DPP politician Lo Chi-cheng [James Reinl/Al Jazeera]

One story suggested that Tsai was flanked by armed soldiers when visiting flood victims in Chiayi County in August. Another said some of Taiwan’s last-remaining allied governments were about to abandon Taipei.

Another said China had bussed Taiwanese nationals to safety after typhoon Jebi killed 11 and injured thousands in Japan in September, and that Taipei had let its people down – a story that reportedly led to the suicide of a Taiwanese diplomat in Osaka.

Ahead of voting, police arrested several suspects for malicious story-sharing but, for Wu, the focus is on Taiwan’s government to counter fake news with quick, factual corrections. For Lo, plans to tighten media laws are controversial as they could violate free speech rules.

‘Entertainment’ news

Not everyone fears Beijing’s media reach, however. Eric Huang, an independent analyst with links to the KMT, said Taiwan’s voters have high rates of internet penetration and are used to the subjective news in mainstream Taiwanese media.

“Taiwanese news agencies are very editorial and opinionated along party lines already, so the people are used to biased news. They just view this information coming from China as entertainment,” Huang told Al Jazeera.

Justin Yu, a technology investor in downtown Taipei, echoed these thoughts, saying younger Taiwanese web-users are well acquainted with the competing narratives from Taipei and Beijing.

“When we were in elementary school, we were told we shouldn’t be so close to the Chinese government. Whenever we see the information, we hesitate and question whether it is real or not.
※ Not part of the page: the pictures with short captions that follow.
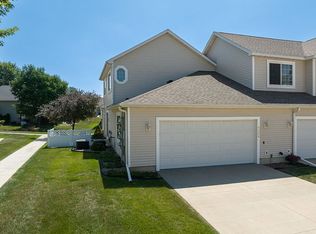 3921 Water View Ct SW, Cedar Rapids, IA 52404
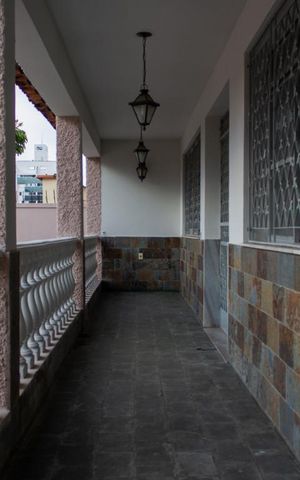 Casa à venda com 159m², 4 quartos e 2 vagas Casa à venda com 159m², 4 quartos e 2 vagasSacada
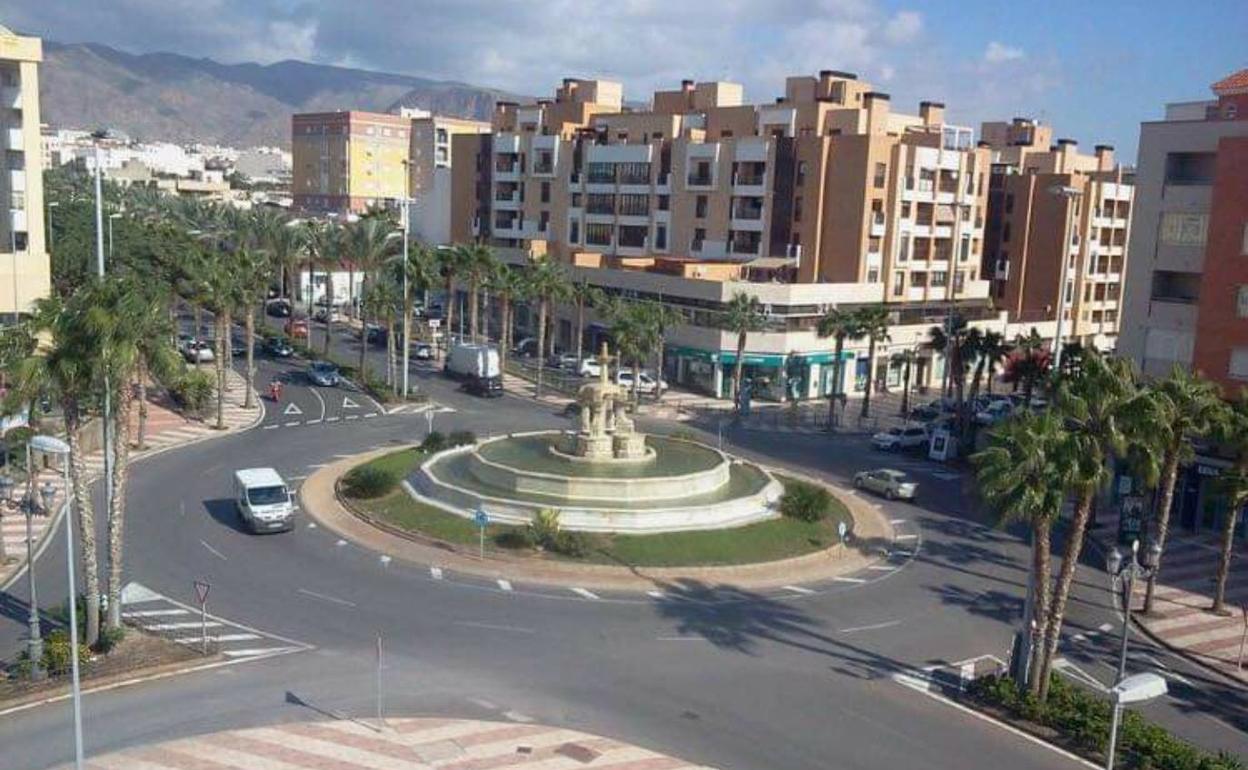 Vecinos de El Parador denuncian carreras y maniobras peligrosas en la carretera de Alicún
I don’t think there’s a real problem and it doesn’t influence us much,” Yu told Al Jazeera.

Shoppers buy mobile phones in the capital, Taipei, which has one of the world’s highest rates of internet penetration [James Reinl/Al Jazeera]

Since the 2016 election of Tsai’s pro-independence DPP, Beijing has turned the screws on Taiwan, peeling away a handful of its remaining diplomatic allies, excluding it from global forums, and forcing airlines to classify Taiwan as part of China.
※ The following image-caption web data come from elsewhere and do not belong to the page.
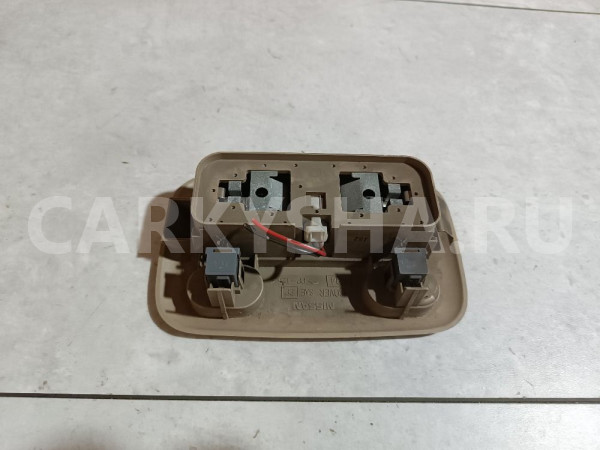 Плафон салонный Nissan Cefiro оригинальный номер 264302Y000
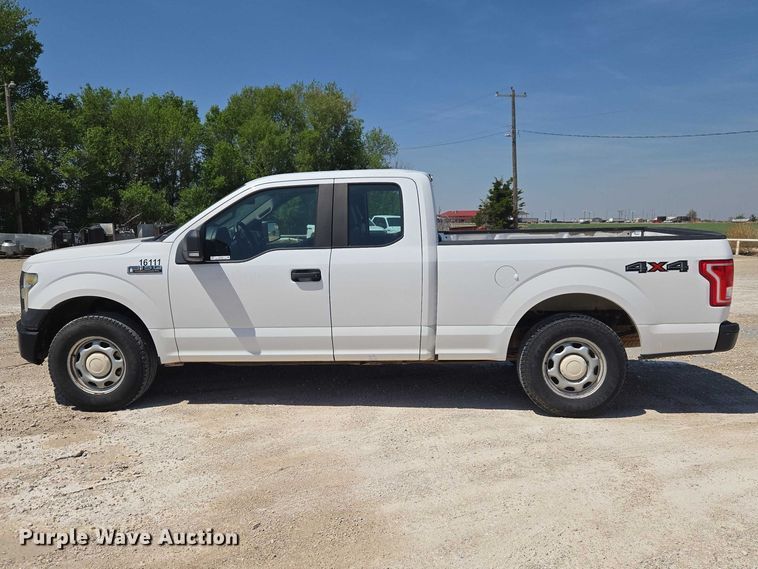 image for item ET5186 2016 Ford F150 Ext. Cab pickup truck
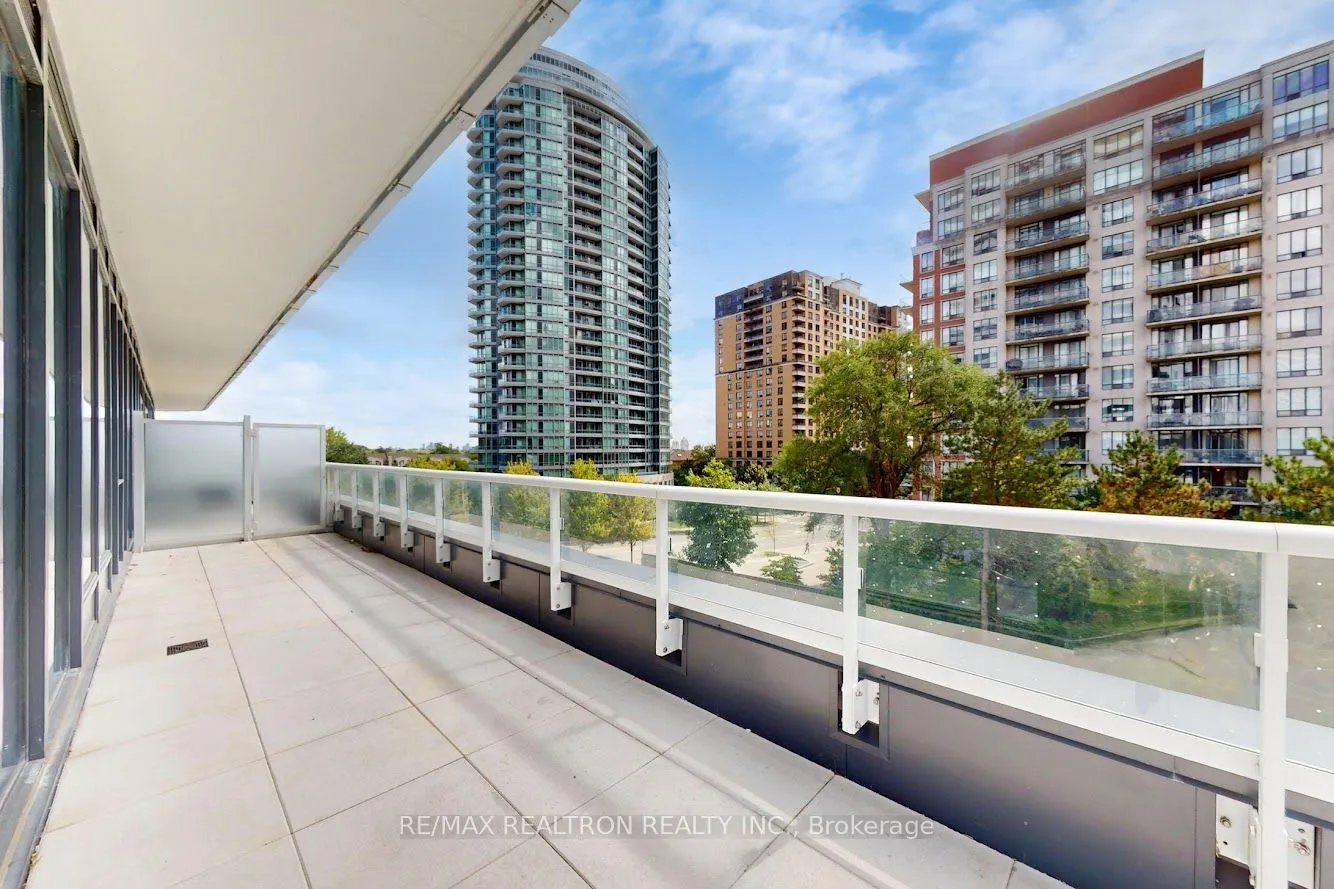 15 Holmes Avenue, ##402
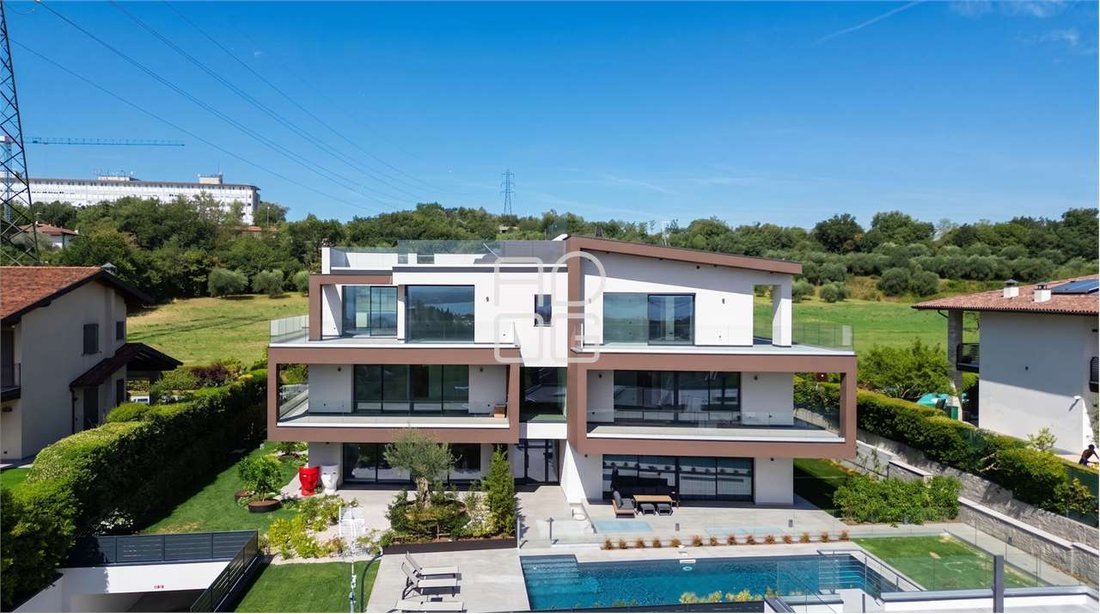 Apartment in Desenzanino, Desenzano del Garda, Lombardy 3 - 13031566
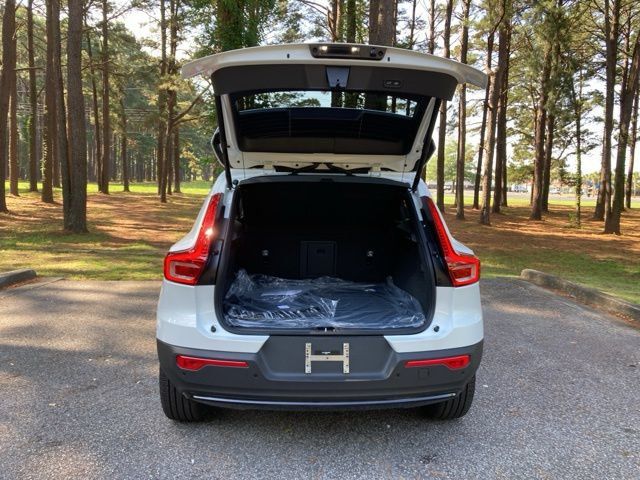 2025 Volvo XC40 B5 AWD Ultra Dark Theme - 22841007 - 17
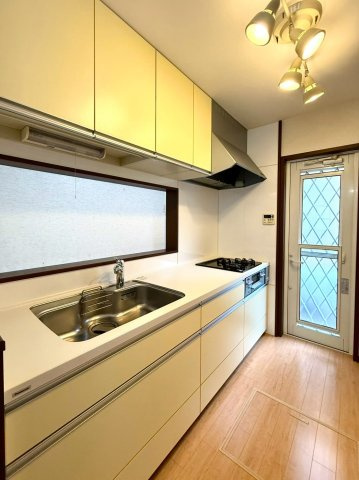 山荘町　戸建のキッチン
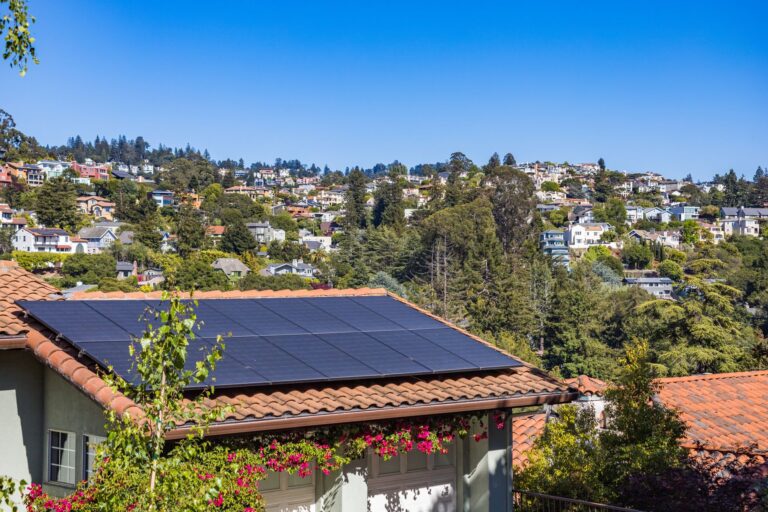 Photovoltaikmodule auf dem Dach eines Wohnhauses bei Tageslicht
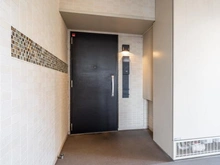 【東京都/稲城市東長沼】プラウドシティ南山 B棟 玄関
Three former allies – El Salvador, Dominican Republic and Burkina Faso – switched their allegiances to Beijing this year, and the Chinese military has stepped up encirclement drills around Taiwan, which Taipei has denounced as intimidation.
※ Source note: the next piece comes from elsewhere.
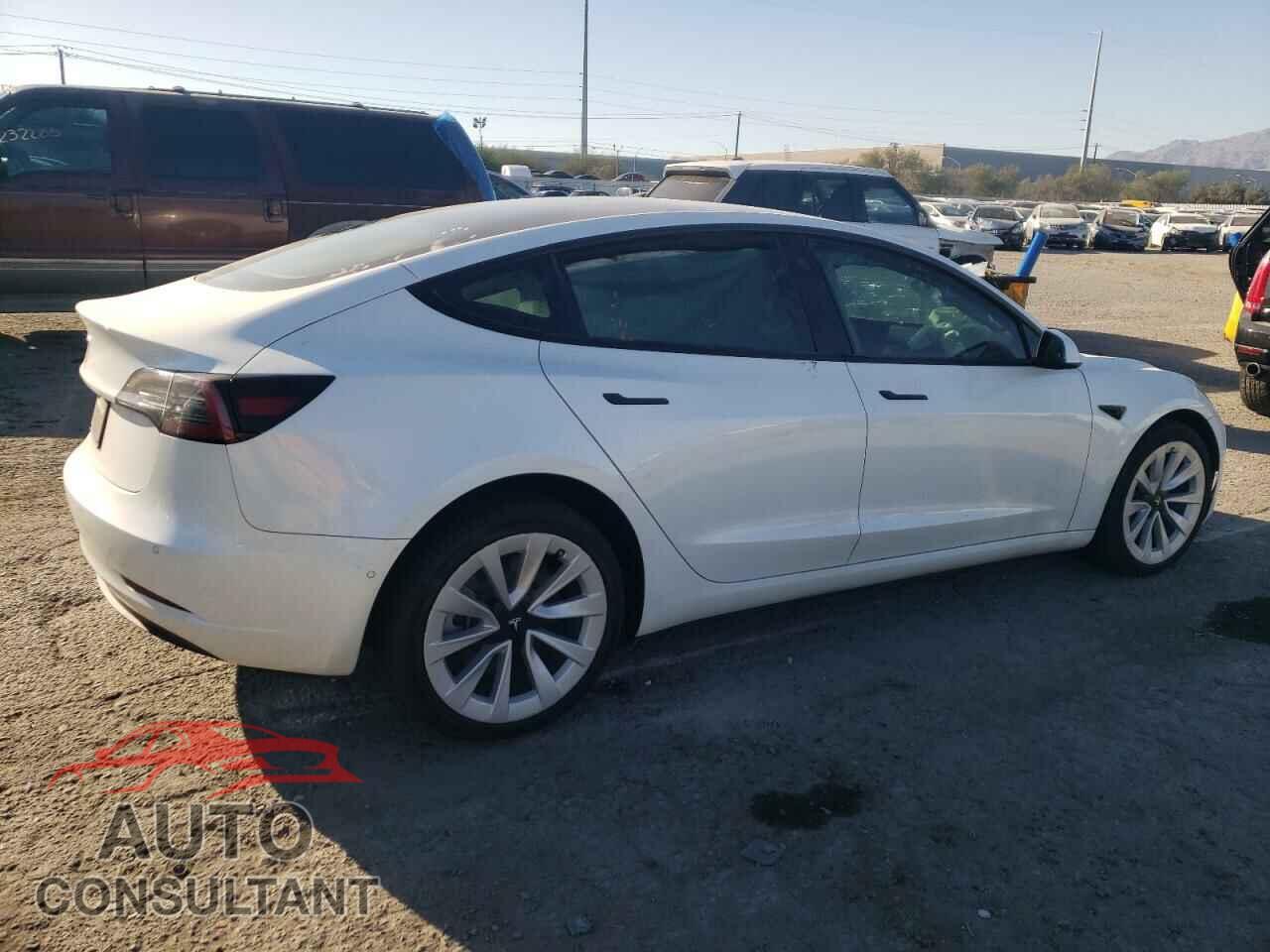 TESLA MODEL 3 2022 - 5YJ3E1EA4NF257743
According to DPP officials, Beijing has reached deep into the breakaway island of 23 million people, sowing division and confusion through online disinformation, recruiting business figures, and funnelling cash to pro-Beijing politicians.

De facto independence

The Republic of China – Taiwan’s official name – relocated to the island in 1949 when Chiang Kai-shek’s nationalists fled the mainland after being defeated by Mao Zedong’s communists. It is now a democracy with de facto independence from Beijing.

Under its “one China” policy, the Beijing regards Taiwan as a renegade province that needs to be unified – by military force if necessary. Many analysts say China seeks to achieve the same end by flooding Taiwan with investment and buying off decision-makers.

The opposition KMT marks a continuation of Chiang’s legacy. DPP supporters typically highlight atrocities committed during Taiwan’s “white terror” and decades of martial law and call for independence from the mainland.

Last month, thousands of pro-independence demonstrators rallied in Taiwan’s capital to protest against Beijing’s “bullying” and called for a referendum on whether the self-ruled island should formally split from China.